It's been awhile since we've delved into the morass of DC's urban legends. Now that's we've scratched the surface of the Capitol, why don't we head to the other end of the Mall this week and discuss a few of Old Abe's.
Perhaps the most common question I get about the Lincoln Memorial is "do his hands form a “A” and an “L” in American Sign Language?" The killjoys at the National Park Service categorically deny this, giving the explanation:
No, this is yet another myth. The artist studied casts of the former President's hands to get the proper appearance. They were both in a closed shape for the casting, the artist decided to open one up a bit to give a more life-like aspect.

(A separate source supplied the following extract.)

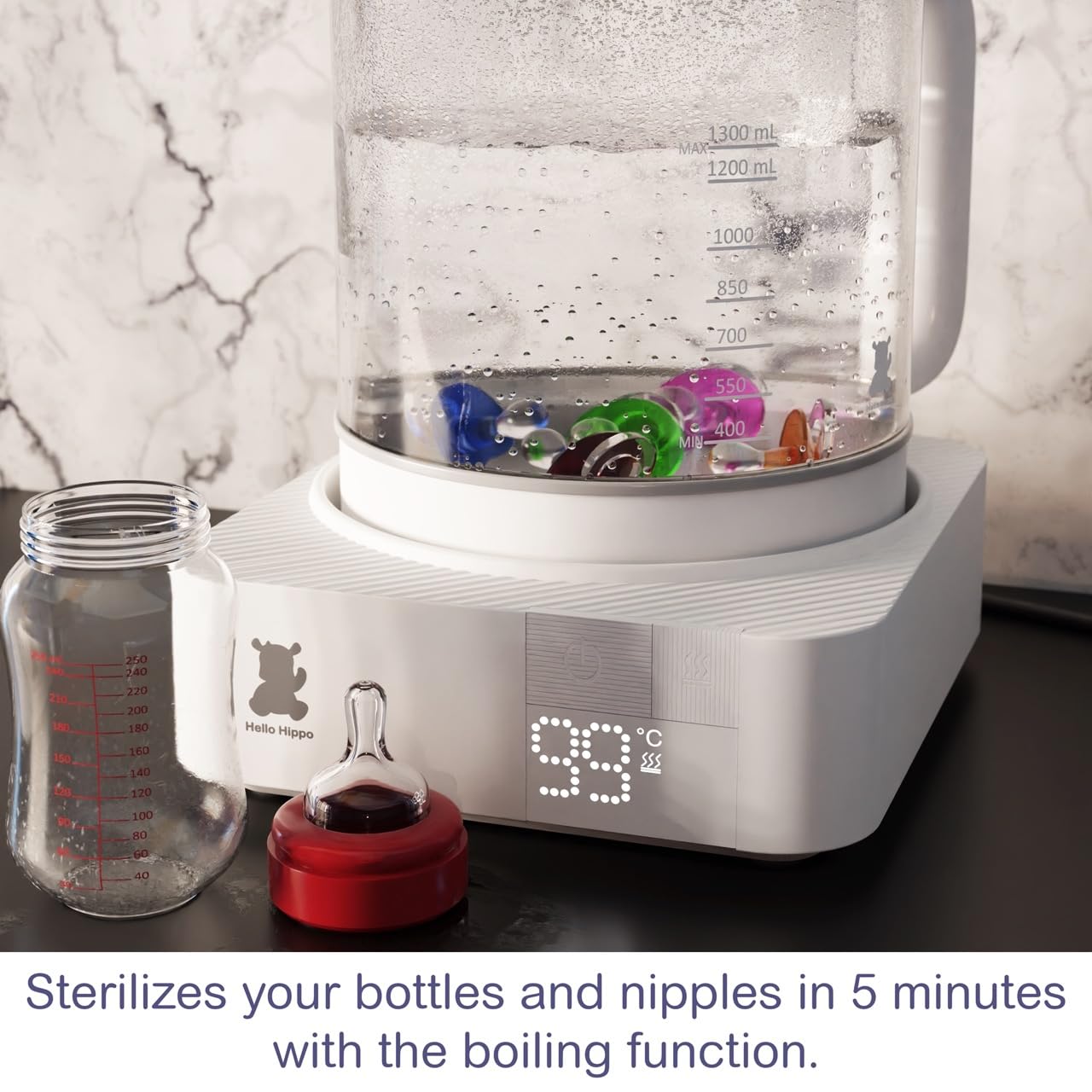 HELLO HIPPO® Bollitore Scaldabiberon 1300 mL in vetro - 800W basso consumo - Sterilizzatore per capezzoli - Mantiene il calore 24H - Temperatura regolabile da 45-100°C - Biberon, tè, cioccolato, caffè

Well, that was simple. Now that I’m done with this post, I'm hitting a bar.
Wait, what’s that I see? There’s more to the story? Well, crap, ok, I’ll dig a little deeper.
First off, is it really an “A” and an “L”? Not being fluent in ASL, let me defer to the experts. Handspeak.com, a site that discusses all things ASL, analyses it thus:
The left handshape of the statue can be ambiguously read as a rudimentary letter a, but the other handshape is more vague. Even though it is not close to the form of the letter "L", it is closer to the letter "L" than any of the other manual alphabetical letters. The index finger appears to be vaguely lifted while the other fingers remain on the seat arm.
Ok, so right off the bat, we're not talking about a clear "L". Let's take a look at the history of the Memorial itself.
The sculptor of the Lincoln statue, Daniel Chester French, was not unaware of sign language. Decades prior to the Lincoln Memorial, in 1889, he had designed a sculpture for Gallaudet University, then the Columbia Institution for the Instruction of the Deaf and Dumb (actually, he sculpted two; he had completed a bust of President Garfield in 1881). But the one of interest to us today depicts early deaf educator Thomas Hopkins Gallaudet teaching his first student, Alice Cogswell to sign. The letter being signed by both Gallaudet and Cogswell? That’s right, “A”.
So, undoubtedly, Daniel Chester French had a familiarity with signing, or at the very least the letter “A” and it’s not unreasonable to assume that he knew enough to find out what “L” was if interested.
Digging a little deeper, we come across National Geographic’s On This Spot: Pinpointing the Past in Washington, D.C., which doesn’t mince words when it notes:
French had a son who was deaf and the sculptor was familiar with sign language, so Lincoln’s left hand, resting on the arm of the chair, is shaped in the sign for “A” while his right hand makes an “L”.
This is great! A deaf son would certainly provide further motive to French to want to quietly include ASL in his statue. Unfortunately, French had but one child, Margaret French Cresson, who went on to be both female and not deaf.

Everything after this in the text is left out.